Could heliotubes turn any surface into a solar power station–yes
Think of all the small, free-standing structures you see in a given day. Bus stops, small sheds, fixed awnings. They are put there to keep sun (yes and rain, I know) off people. What about the roofs of those structures? Looks like there could be a product that will let us take advantage of a lot of small surfaces and use them as solar collectors:
Soliant’s primary customer is commercial building owners but the company’s product design is flexible enough that it has developed a specialized solar-power generator for car parks, or roofs that shade cars during the day.
“One thing we realized about a year ago was that we could make very large panels, which is something that ordinary solar panels can’t do,” said company CEO Brad Hines.
The company’s traditional “heliotube” concentrator, which is meant to be the same size as traditional solar panels, has 10 tubes that shine light onto solar cells.
To make a product to shade cars it used the same basic design, but by stringing together 16 tubes, Soliant makes the panel a little over 8 feet long, said Hines. The company is planning to ship its commercial products by the end of this year. Source: Solar power while you park the car | Tech news blog - CNET News.com
I know I’m sounding like a broken record here, but it’s these kinds of simple innovations that can add up to the big stuff. Heck I saw one today on GearLive’s unboxing–instead of having a screensaver come on after five minutes, just have the screen turn off then. Simple, easy and will save a lot of power … a lot.
Let’s just brainstorm and think of more things … like what about micro-hydropower generators in downspouts? Out here when it rains, it rains. Why not use the power of the water going down the drain pipe generate a little power. If nothing else they could charge batteries to power outside lights.
Together I know we can work through this.
August 2nd, 2007 at 11:41 am
Interesting thought. Let’s work the numbers (Ohoh, why is it that that always causes problems?).
We’ll assume a one acre [1] area, and 3 inches of rain per day [2].
[1] Yes, I’m an American and we still use these crazy units. But, quite a few housing lots here are still sized in acres or a fraction there of (e.g., 1/2 acre, 1/4 acre, etc.). And, I know that a typical house won’t occupy the entire lot. A house is typically only a small fraction of the lot, but we’ll still use 1 acre, since it provides a reasonable upper bound.[/1]

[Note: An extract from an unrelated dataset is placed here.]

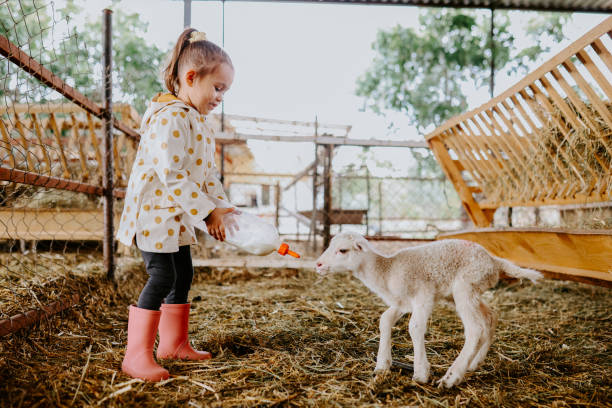 Little Girl Bottle Feed a Baby Lamb A little girl bottle feeds a baby lamb inside a barn filled with straw. sheep shed stock pictures, royalty-free photos & images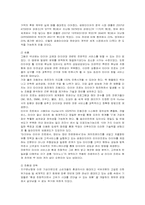 [경영전략] 금호타이어의 전략 분석-11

[2] I’m definitely over-estimating the amount of rain, probably by well over an order of magnitude, even for the Vancouver/Seattle area, but we’ll use this as a reasonable upper bound, too.[/2]
Ok, let’s find out how much water is actually involved. One acre is defined as an area of 66 feet wide by 660 feet long [3], which gives an area of 43,560 square feet. With three inches of rain falling on this area, we come up with a volume of water of 10,890 cubic feet. Translating this into metric, we arrive at a volume of 308.4E6 cubic centimeters (about 308.4 cubic meters). Since the density of water is approximately 1 gram per cubic centimeter, this gives a mass of water of 308.4E6 grams, or 308,400 kg (about 678,480 pounds [5]). That’s a lot of water!
[3] An acre was based on how much a farmer could reasonably plow in a day with a good ox.[/3]
[5] This passes the sanity test, since I remember that water weighs about 64 pounds per cubic foot, so 10,000 cubic feet of water should be about 640,000 pounds.[/5]
Now, we’ll assume the gutters on the house are about 10 feet off of the ground [4], which is a little over 3 meters.
[4] This should be a reasonable value, although two story (and higher) houses will have a greater height.
Now, since energy is force times distance (well, the integral of it, if you want to be technical), and since force is mass times acceleration (of gravity), this means that energy is mass times distance times the acceleration of gravity (We’ll assume that gravity is constant over such a relatively small vertical distance, although if the distance was much greater, we’d have to take in the fact that gravity varies inversely as the square of the distance). So, plugging into E=msa, we find that the energy is:
(308,000 kg)(3 meters)(9.8 m/s**2)=
9E6 J
Now, 9 million Joules sounds like a lot of energy.
And, in most cases it would be. But, to get a better feel for it, let’s convert it into power.
Since power equals energy divided by time:
P=E/t=(9.E6 J)/(1 day)(24 hours/day)(3600 seconds/hour)=
104 Joules/second=104 Watts
So, all of that 3 inches of rain per day, falling on that huge house roof, with an area of one acre, and dropping a distance of 10 feet will produce an average power of 104 Watts (ignoring losses, which are sure to be rather significant!).
Hmm, you know, we could save more power than that just by turning off two lights that we don’t really need.
Dave
August 3rd, 2007 at 7:37 am
Oh well … it was an interesting line of thinking.